Sonra kulak memesi kıvamı...Herkesin kulak memesinin fizyolojisi farklı olduğuna göre ki bu da herkesin farklı kulak memesi yumuşaklığı vardır anlamına gibi geliyor bana...ideal kıvamı nasıl tutturacağız peki ?

yazılarını okumayı özlemişim, iyi geldi :)

justine dedi ki...

Küçük bir heyecan demek, hmmm.;/

;p

Bugün çalışıyor muydun sen, fenaymış. Ama olsun, yarın da ben nöbetçiyim, çalışıyorum ve sen büyük ihtimal dinleneceksin, ödeştik bak.
Kulak memesi konusunda sana katılmıyorum, bence tek bir kıvam var, o da benim kulak mememe dokunduğumda hissettiğim kıvam, gerisi hava civa. (işte böyle, sağ gösterip sol vururum.;))
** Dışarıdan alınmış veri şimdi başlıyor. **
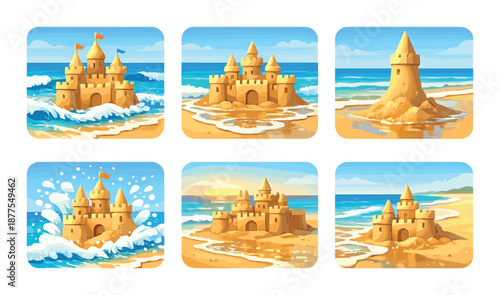 Six enchanting sandcastle designs by the sea with waves and clear skies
Ben de burada ettiğimiz sohbetleri özlemişim, teşekkürler sevgili azizim, yine gelin, hep gelin, beklerim.

Sevgiler.

zapere dedi ki...

HayoOOOo, İlkbahar geldi. Erikler çiçekteyken havalardan mıdır?öylesi birden miniksi yeşil yaprağa geçtiler, oysa hala duman bacalarda,"tütüyor" çayım rüzgâra kuytu deniz kenarı avucumda, bir şarkıdır "neyleyim İlkbaharı-Yaz'ı".. tırmandı dama kediler :)

justine dedi ki...

Bahar mı geldi, hadi şimdi! Peki öyleyse ben neden hâlâ hastayım, hep hastayım, kış havasındayım?;/

Hastalığım geçmeden bahara ya da yaza inanmayacağım, bunu da buraya yazıyorum, hadi bakalım.;p

zapere dedi ki...

....sizin sesinizden "Hastayım, bahar gelmiş neyleyimm".. :) http://www.youtube.com/watch?v=JIhfOqQ2r7g

justine dedi ki...

Melihat Gülses'in sesini, yorumunu çok beğenirim, dinliyorum şimdi şarkıyı. Çok teşekkürler Zapere.

Adsız dedi ki...

http://okumag.com/eski-yagliboya-tablolar-canlandirilirsa/

Patina kali :)))

zapere dedi ki...

Şubat'ta takılı kalmışsınız, hayr'ola? Herşey yolunda inşallah değil mi?

justine dedi ki...

Hastayım Zapere, çok uzun süredir geçmeyen soğuk algınlığım var. Teşekkürler sorup merak ettiğiniz için, sağolun.

(yarın -eğer yazabilirsem tabii- son okuduğum kitap hakkında konuşmak istiyorum burada, bakalım.:/)

Adsız dedi ki...

Justine merhaba,
Bak artik yaz geldi...haydi, yeniden baslama zamani!
Natali

justine dedi ki...

Natali, merhaba.;)

Kendime bir gelebilsem buraya da uğrayacağım ama kafamı bir türlü toparlayamıyorum, olmuyor. Neyse, yakında buluşmak dileğiyle diyeyim ben yine de. Hoşçakal.